Alles Essig bei Kühne in Bahrenfeld – die Behauptung gleicht einer beschönigenden Übertreibung. Ab diesem Sommer soll die Schützenstraße geruchsfreie Zone für Sauerkraut, Senf, Essig und saure Gurken werden. Der Familienbetrieb Kühne, seit den 20er Jahren mit rund 320 Beschäftigten hier ansässig, will seinen Standort verlagern – wahrscheinlich ins mecklenburgische Zarrentin.

Ausweitung der Produktions- und Lagerkapazitäten lautet die offizielle Begründung. Stellenabbau im gewerblichen Bereich um bis zu 50 Prozent (rund 100 Arbeitsplätze), gepaart mit der Hoffnung der Kühne-Geschäftsleitung, den Grundstückswert der bisherigen Industriefläche durch Zupflastern mit Büros, produzierendem Gewerbe und Wohnungen zu steigern, seien die wahren Firmen-Absichten. Das fürchten Belegschaft und Altonaer Bezirkspolitiker.

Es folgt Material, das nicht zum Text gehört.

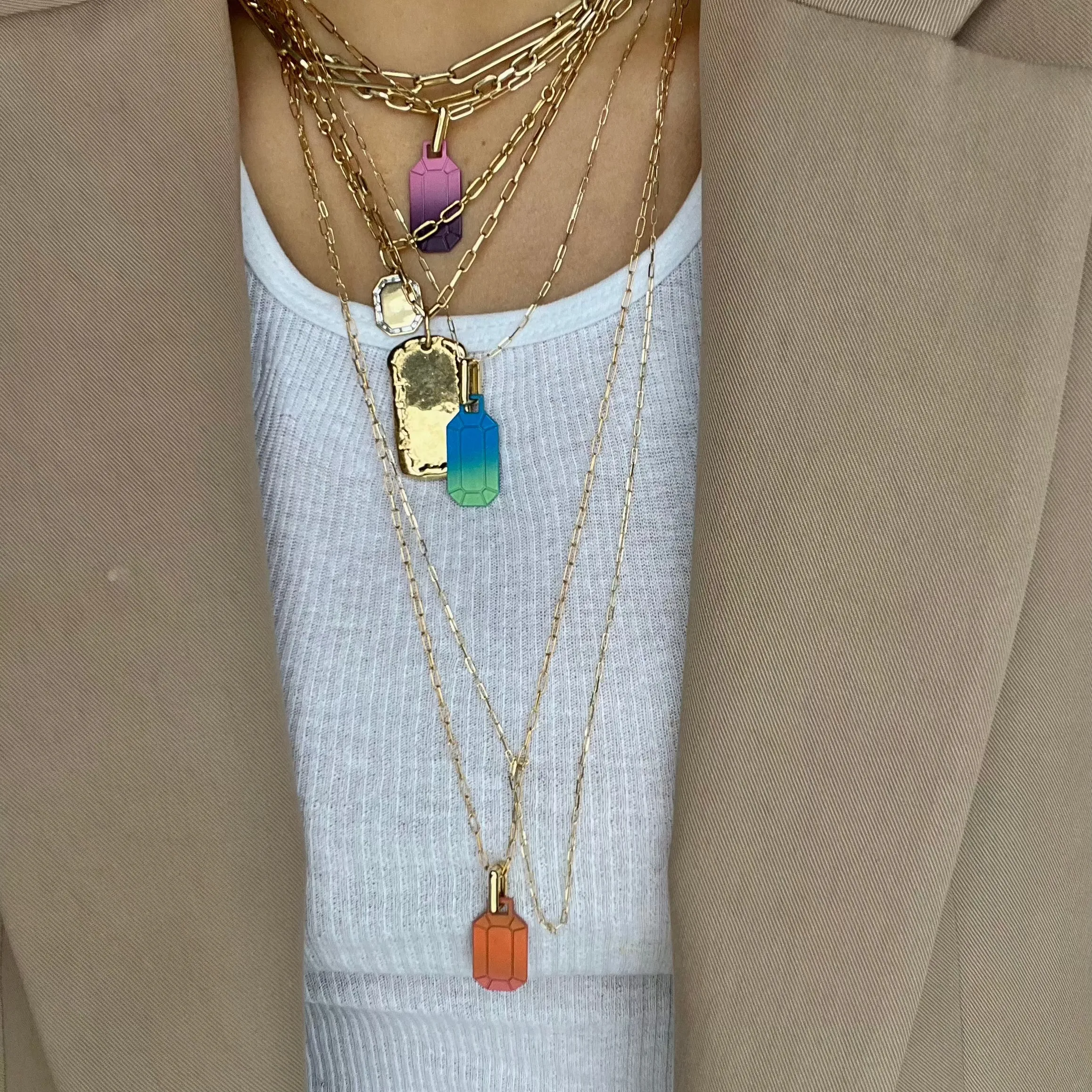 SARAH OMBRE TAG NECKLCES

Die Firmenspitze, laut Sprecherin Roswitha Behland „völlig offen in der Entscheidung“, trägt sich seit Anfang der 90er Jahre und seit dem Groß-Brand in den Fabrikhallen im vergangenen Dezember ganz konkret mit dem Gedanken, die Produktionsstätte ins 60 Kilometer entfernte Zarrentin zu verlagern. Verwaltung und Zentrale sollen in Bahrenfeld bleiben.

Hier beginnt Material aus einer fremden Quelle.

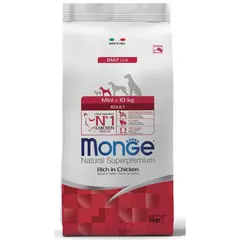 Сухой корм для взрослых собак мелкой породы куриное мясо Monge 3 кг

Die übrigen Beschäftigten – so sie übernommen werden, klagt der Betriebsrat – müßten täglich zusätzlich zwei Stunden für Hin- und Rückfahrt opfern: Die Frühschicht bei Kühne beginnt um sechs Uhr. Nicht nur verkehrstechnisch irrwitzig, findet der Altonaer SPD-Fraktionschef Horst Emmel: Wenn der Industriestandort verschwinde, hätten viele der „ungelernten Kräfte keine Chance mehr auf dem Arbeitsmarkt. Dann können wir uns auf weitere Armutsbekämpfungsprogramme einstellen“.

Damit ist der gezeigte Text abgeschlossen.